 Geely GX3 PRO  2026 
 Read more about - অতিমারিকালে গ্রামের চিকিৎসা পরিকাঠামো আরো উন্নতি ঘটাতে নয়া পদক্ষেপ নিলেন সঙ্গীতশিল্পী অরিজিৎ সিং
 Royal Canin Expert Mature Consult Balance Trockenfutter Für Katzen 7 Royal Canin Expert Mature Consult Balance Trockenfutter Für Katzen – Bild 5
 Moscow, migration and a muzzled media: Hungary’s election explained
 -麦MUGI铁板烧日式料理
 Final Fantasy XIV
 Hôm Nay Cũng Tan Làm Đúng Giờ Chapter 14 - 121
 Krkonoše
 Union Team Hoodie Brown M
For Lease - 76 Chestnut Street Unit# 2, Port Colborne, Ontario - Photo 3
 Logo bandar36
# # # #
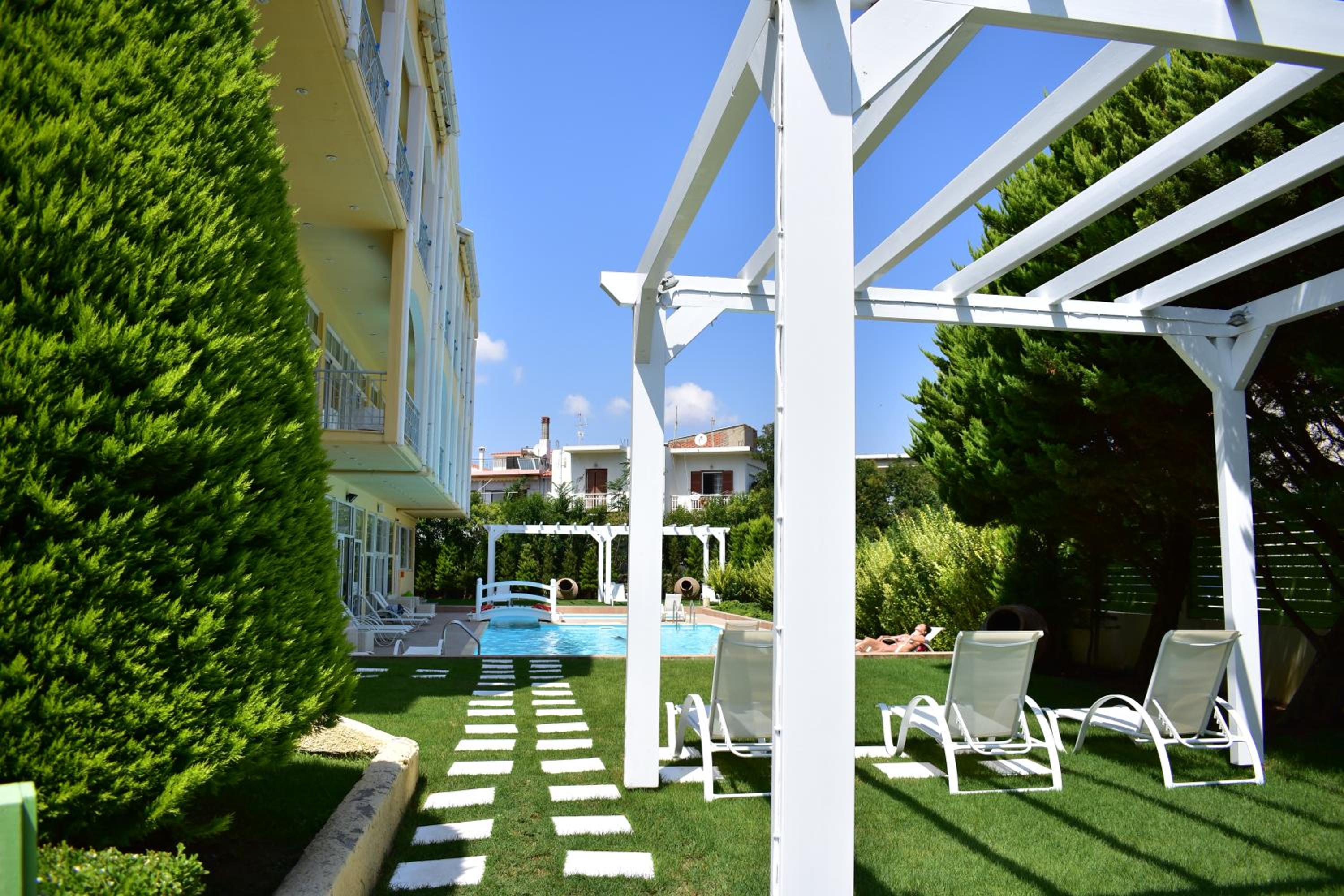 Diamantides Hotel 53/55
# # # #
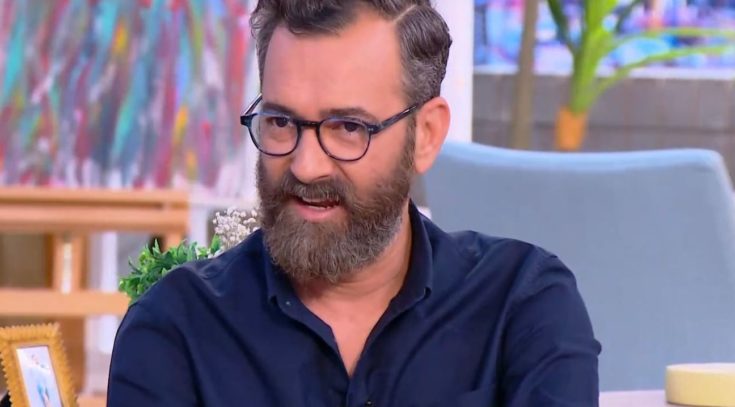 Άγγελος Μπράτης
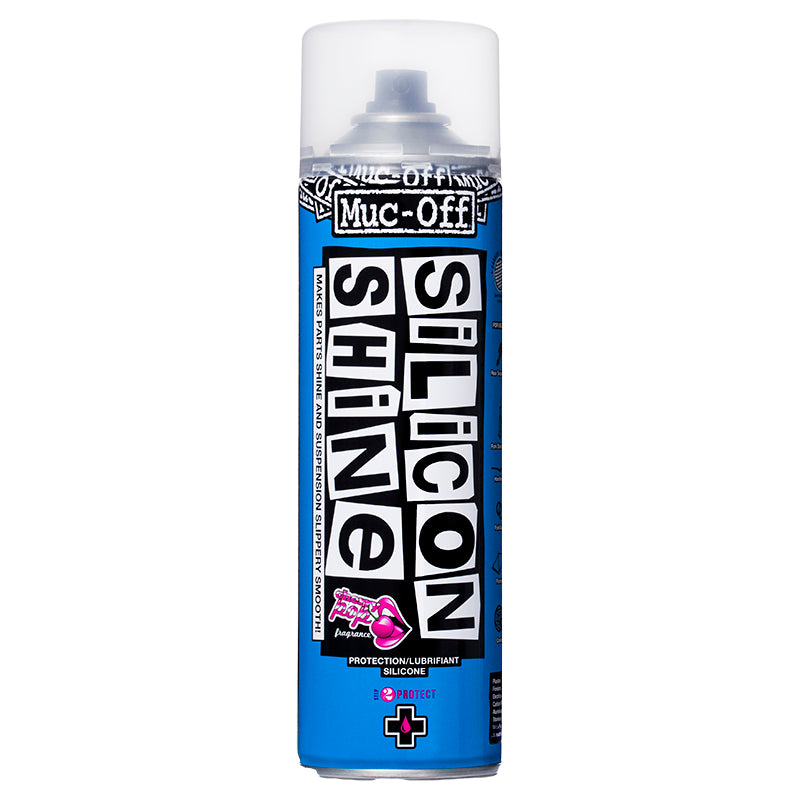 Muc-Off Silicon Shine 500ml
# # # #
HOW TO COMPLETE THIS TASK:
Would you please copy, word for word, everything above from the line containing "Geely GX3 PRO" down to the line containing "Logo bandar36", those two lines included?

SOLUTION BELOW:
 Geely GX3 PRO  2026 
 Read more about - অতিমারিকালে গ্রামের চিকিৎসা পরিকাঠামো আরো উন্নতি ঘটাতে নয়া পদক্ষেপ নিলেন সঙ্গীতশিল্পী অরিজিৎ সিং
 Royal Canin Expert Mature Consult Balance Trockenfutter Für Katzen 7 Royal Canin Expert Mature Consult Balance Trockenfutter Für Katzen – Bild 5
 Moscow, migration and a muzzled media: Hungary’s election explained
 -麦MUGI铁板烧日式料理
 Final Fantasy XIV
 Hôm Nay Cũng Tan Làm Đúng Giờ Chapter 14 - 121
 Krkonoše
 Union Team Hoodie Brown M
For Lease - 76 Chestnut Street Unit# 2, Port Colborne, Ontario - Photo 3
 Logo bandar36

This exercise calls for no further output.